To live longer, eat these disease-fighting foods

While environment, family history, & age can affect how long you live, research strongly links diet to longevity. Fruits & vegetables lessen the risk of heart disease, stroke,, chronic respiratory illnesses says Frances Largeman-Roth, RDN, author of Eating in Color.

Beans, peas, lentils, peanuts, and chickpeas contain fibre and plant-based protein to balance blood sugar and curb cravings. They aid in microbiota health. 


A healthy gut microbiota helps reduce inflammation, lower blood lipids, & modulate immunological function, says Suzanne Dixon, RD, of

While eggs are high in cholesterol, they don't alter blood cholesterol like saturated fats do. One meta-analysis indicated that people with a high egg intake had a 13% lower risk of stroke than those with a low egg intake less than two a week.

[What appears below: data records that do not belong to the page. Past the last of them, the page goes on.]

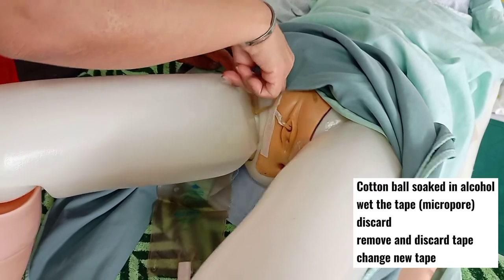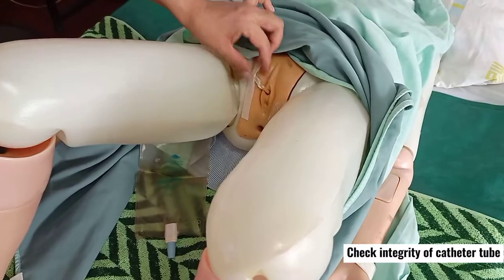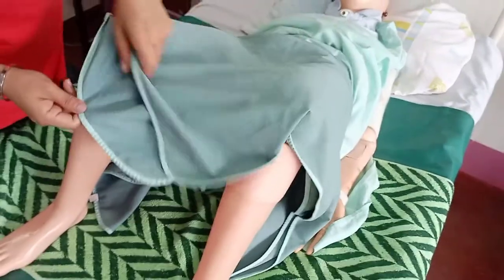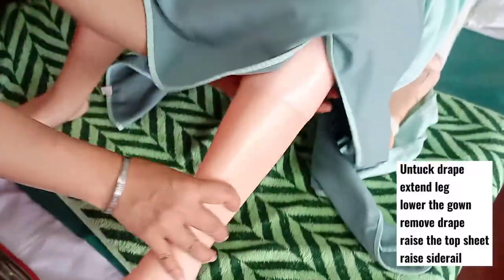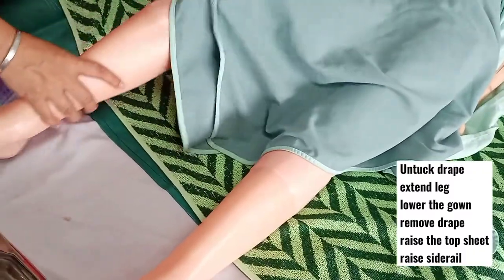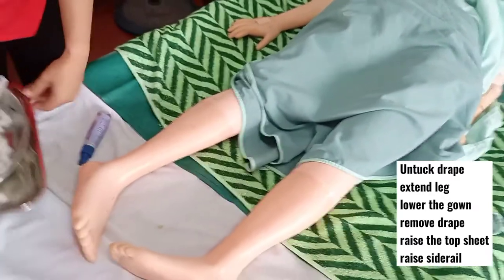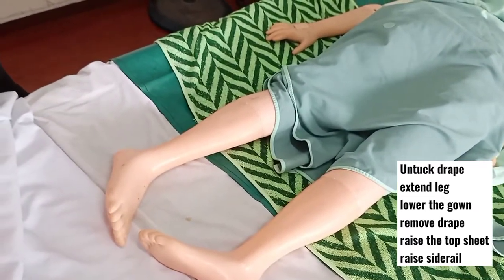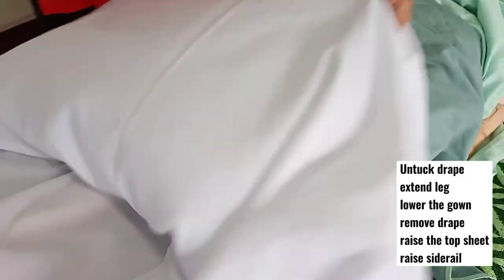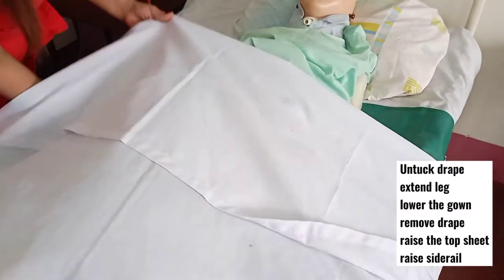Check again the integrity of your tube, then untape the diamond drape. Set aside all the materials, raise the top sheet, and remove the diamond drape.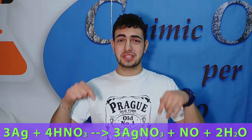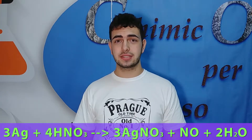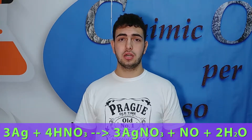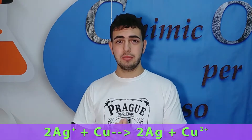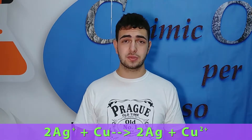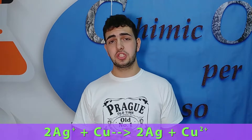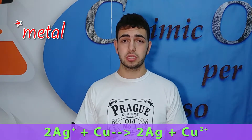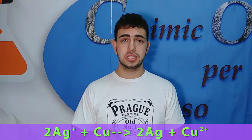For this experiment the reaction is the following: metallic silver reacts with nitric acid to produce a silver ion (Ag⁺). This silver plus one ion is the same one that precipitates when it reacts with copper. In fact, this is a redox reaction in which silver is a more noble metal, and this is why it precipitates during this reaction.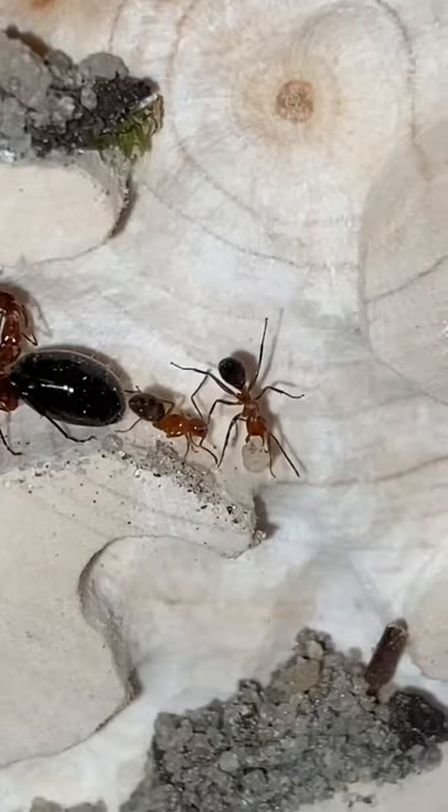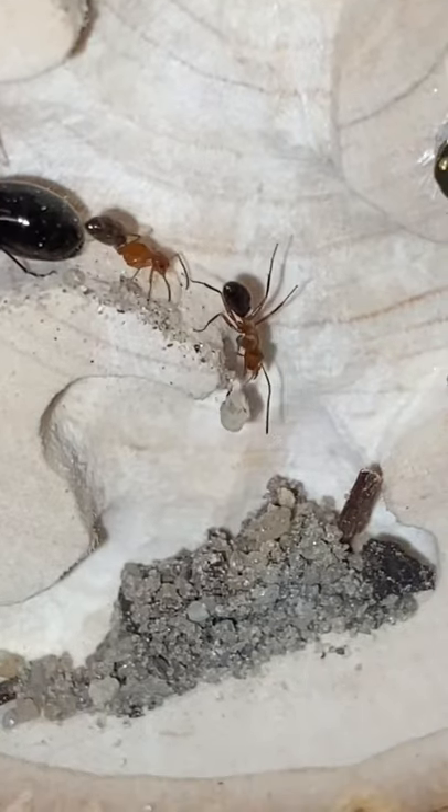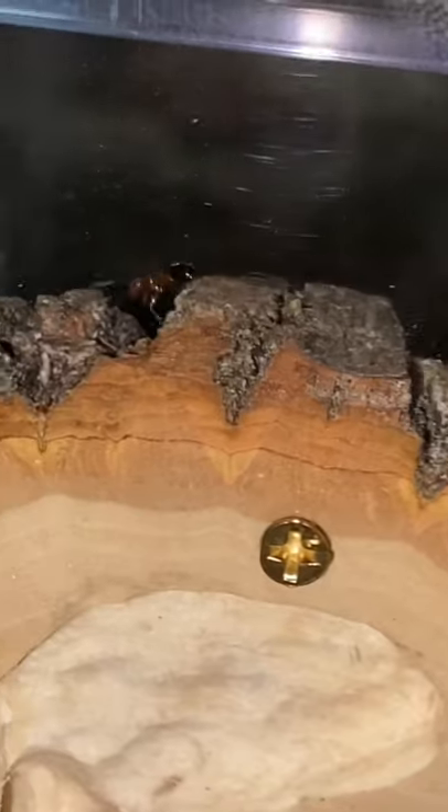Some of the queen's workers are digging into the sand to then bring it back to the nest. I guess this colony just likes to redecorate their house. There's always at least one worker outside looking for more food or more sand to bring back to the colony.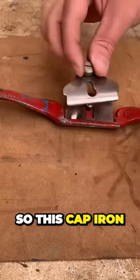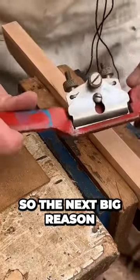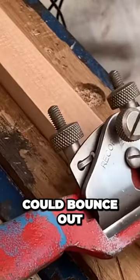This cap iron on here is also working as the chip breaker. The next big reason for chatter or a bounce is because the blade's not set correctly — otherwise the blade could bounce out.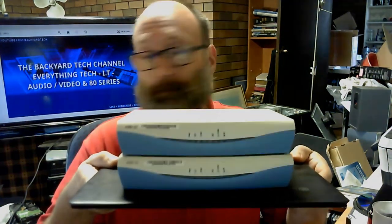G'day everyone, thank you for tuning in. It is IT Acquisitions time again here at the Backyard Tech Channel for a Saturday morning. As you know, Thursday was not a good day for me, but on my way home my mate told me to drop into his joint, and I came back with all of this.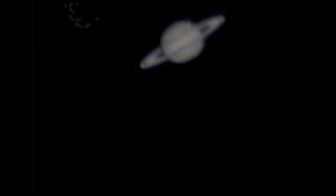Here's a picture of Saturn taken with a 5-inch telescope and the webcam. You can just about make out the Cassini division in this image.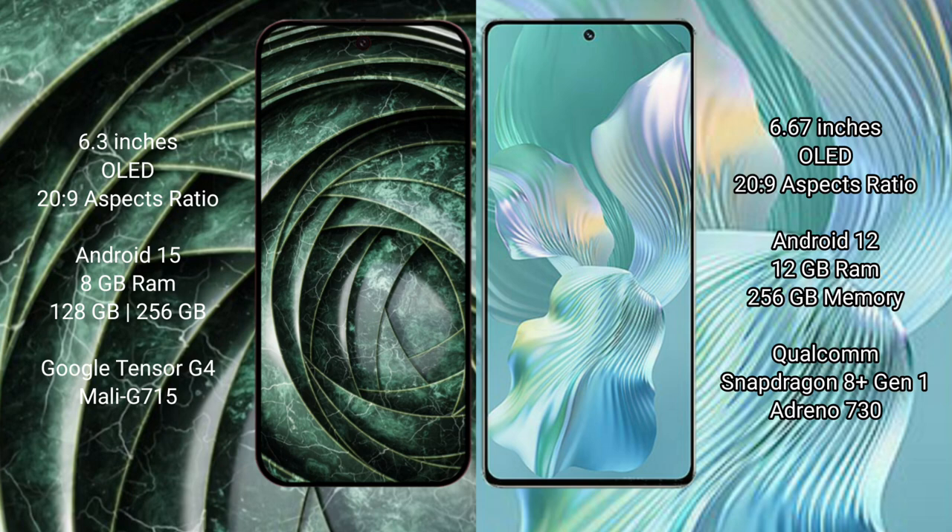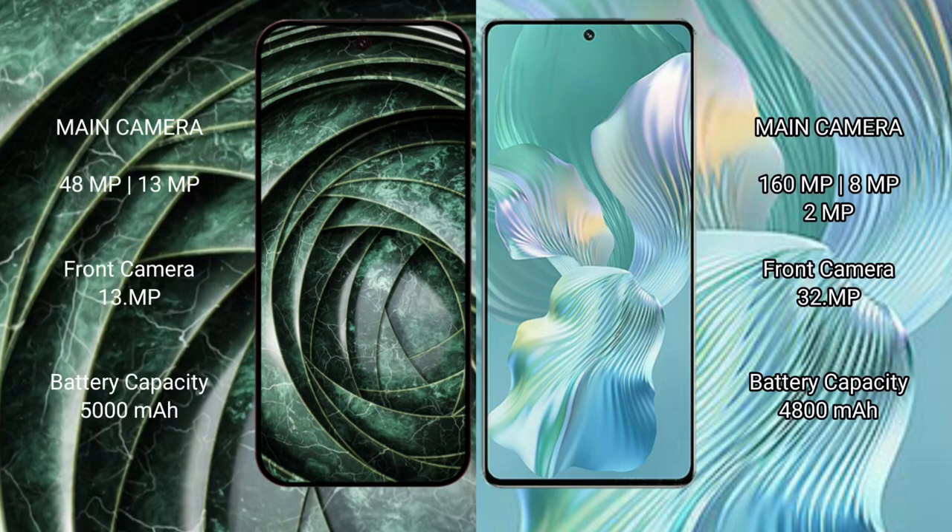The Google Pixel 9a comes with 8GB RAM and 128GB or 256GB internal storage, powered by the Google Tensor G4 processor. The Honor 80 Pro Flat comes with 12GB RAM and 512GB internal storage, powered by the Snapdragon 8 Gen 1 processor.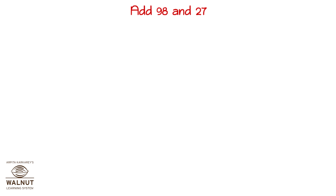Let's try to add 98 and 27. We write the numbers one below the other to add up. We write the place values. We start from the units place. 8 plus 7 is 15.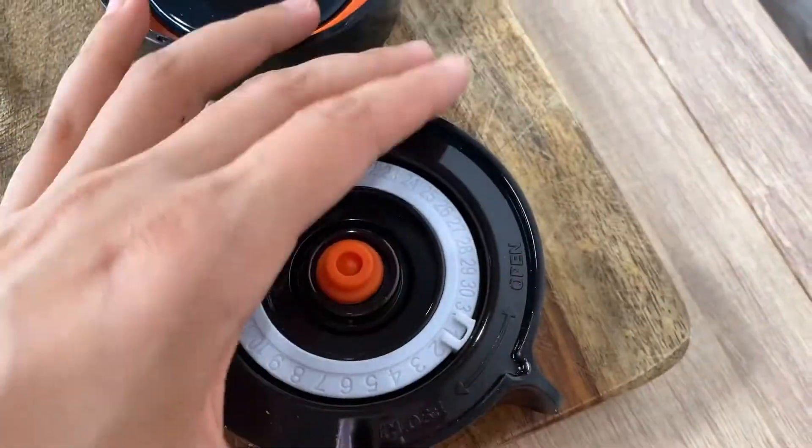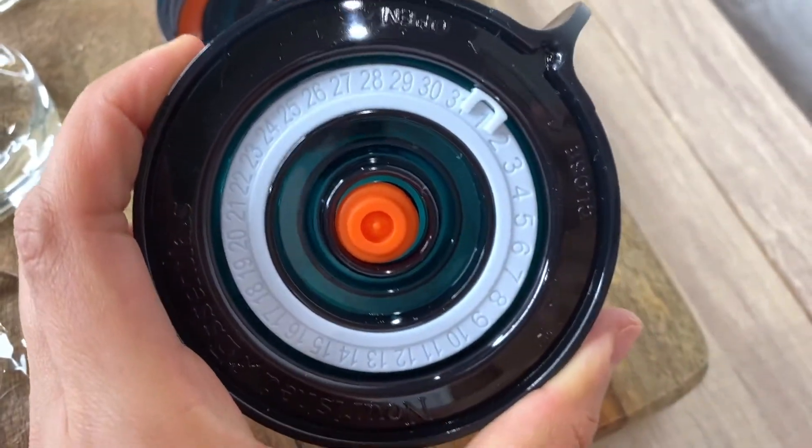It also features a built-in date dial and pull tabs. This is a must-have kit for fermenting.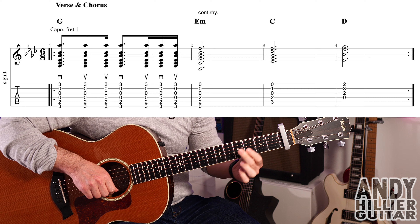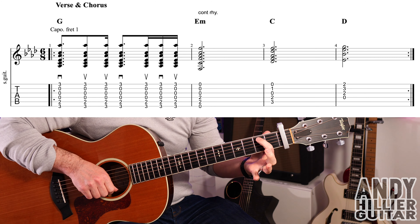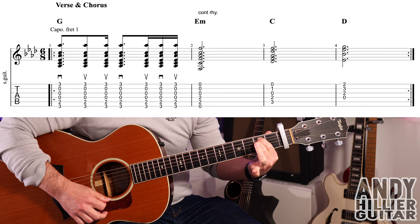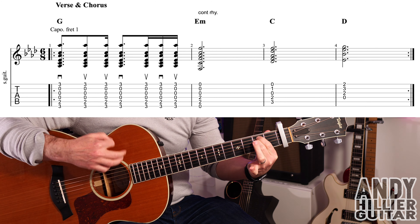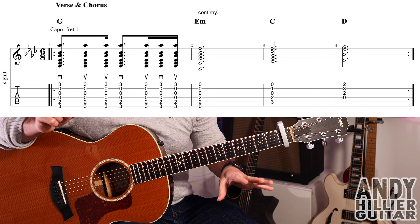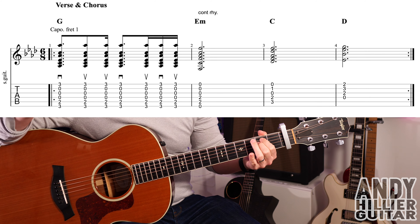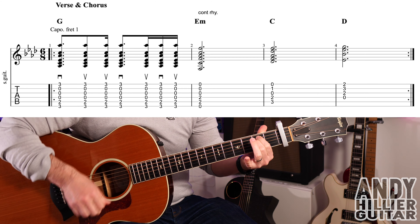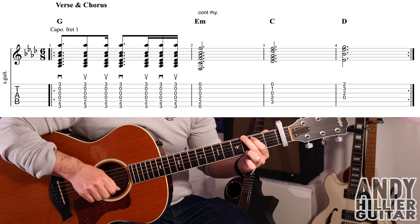The next chord is E minor. Keep your first finger in the same place on A2 and put your second finger underneath it on D2. Make sure you don't touch any of the other strings — hit all the strings. You play the same rhythm on the E minor chord: down, up, up, down, up, down, up.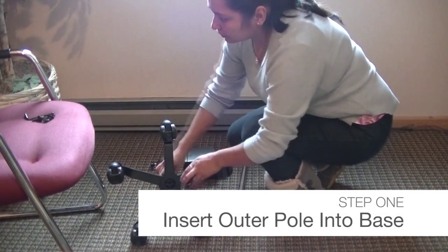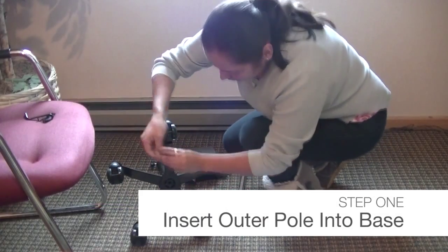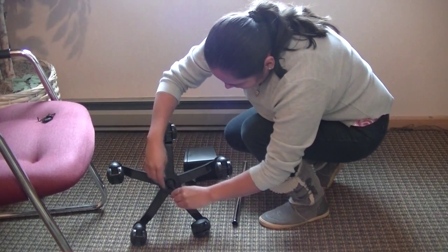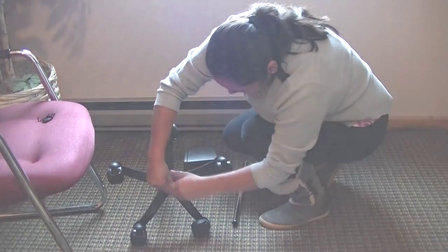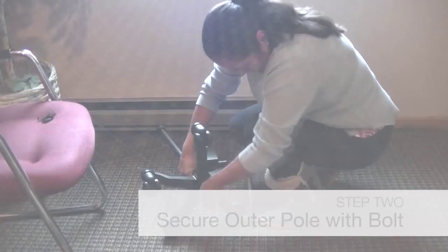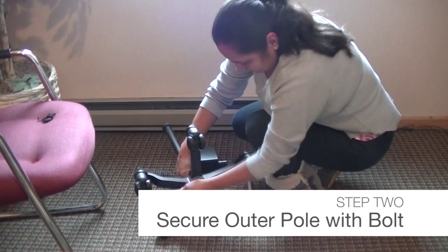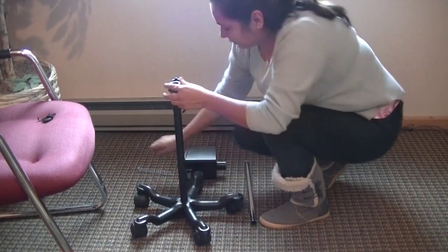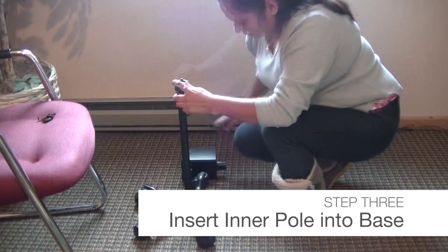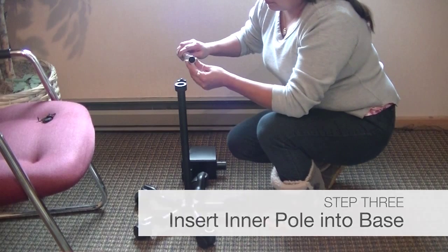To begin, place the wheelbase of the stand on its side and connect the outer pole using the 6mm Allen bolts. You may occasionally need to re-tighten these bolts as they may loosen over time. Turn the unit upright. Insert the spring into the bottom pole. Insert the stainless steel inner pole into the outer pole with its open end up.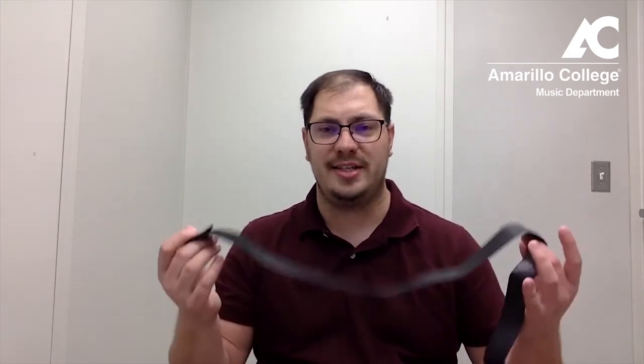In our last video we talked about assembling and disassembling the bassoon and we talked about setting the seat strap on the chair. We didn't go into a whole lot of detail, so that's where we're going to start today. We've already assembled our bassoon and we're at the point of setting our seat strap.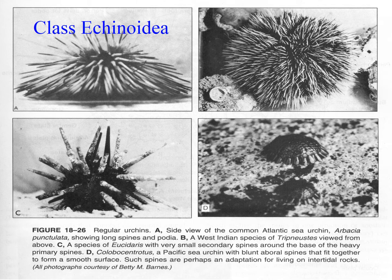Welcome to video number 28 in the Marine Invertebrate Biology Series. This is the fourth in the Phylum Echinodermata series, and we're going to be looking at class Echinoidea, which are the urchins.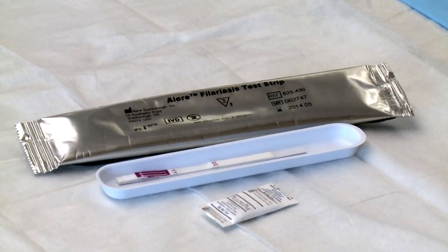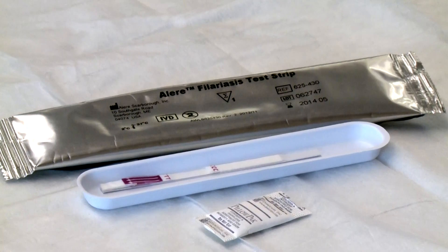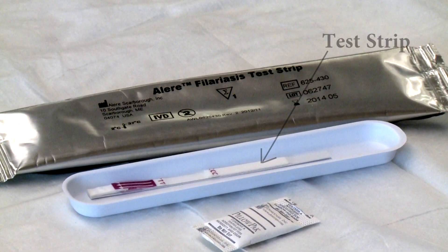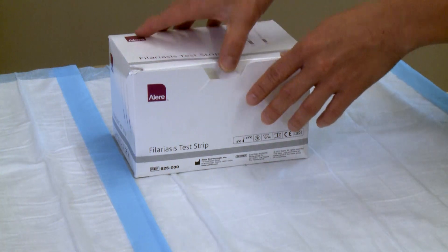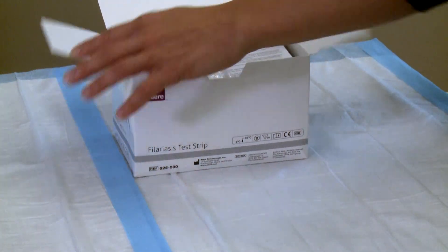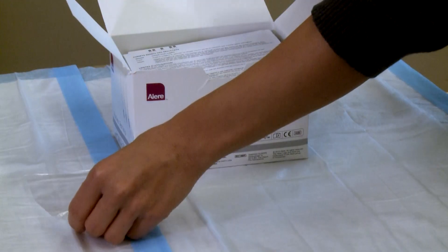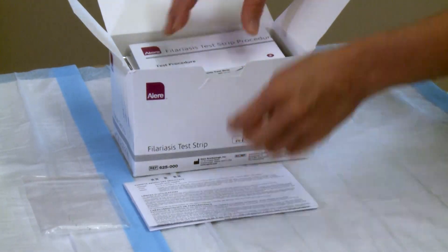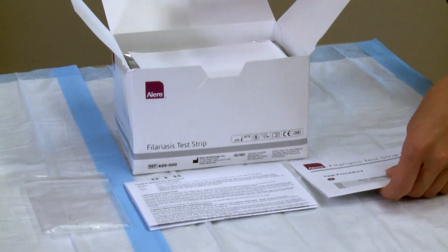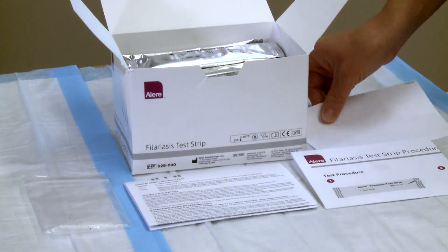Each FTS kit comes sealed in an individual foil pouch that contains one test strip, one plastic work tray, and a desiccant packet. The box of 30 kits also contains 32 calibrated micropipettes, a product insert, a procedure card, and adhesive sticker type labels.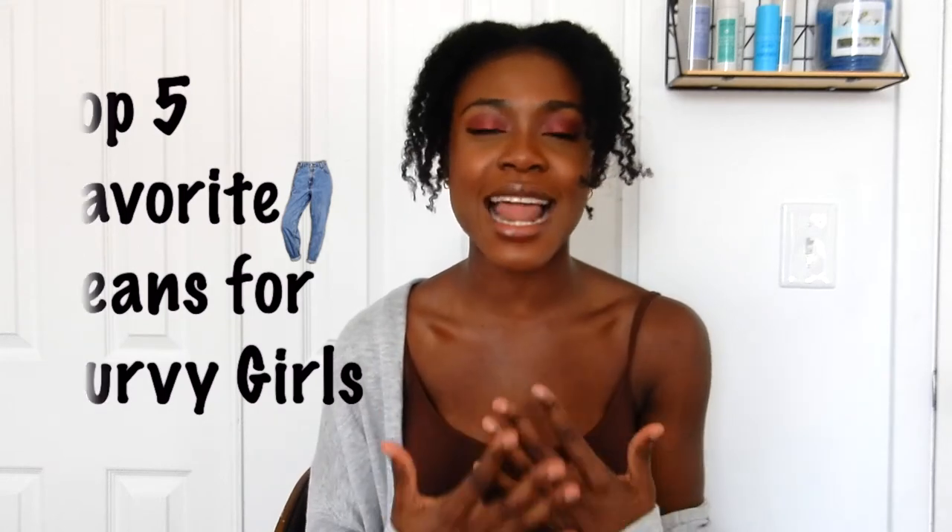Hi guys, welcome back to Virgin of Adulting where I take you through my journey of adulting and growing up. Today I'm going to be revealing the results of this little experiment I was doing. I was on an adventure trying to find jeans that really hugged my body, had no gap in the back, and just really accentuated my legs. I'm going to be revealing and showing you guys the results of the five pairs of jeans that I found that I think are the best for curvy girls and athletic girls. So let's get this started.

Folate is essential for cell growth & red blood cell synthesis. Spinach, kale, &Swiss chard are rich in folate. Carotenes (antioxidant pigments) assist maintain healthy vision, bones, teeth, & skin. 


Cruciferous veggies boost the body's natural detoxifying mechanisms. “We have 'detox' enzymes in our cells (especially in the liver), and cruciferous veggies boost their activity,” explains Dixon.


Extra virgin olive oil (EVOO) is more than just wonderful. Dixon believes it lowers inflammation, blood pressure, and insulin sensitivity. “Extra virgin olive oil has a great record of research indicating advantages to the cardiovascular system”.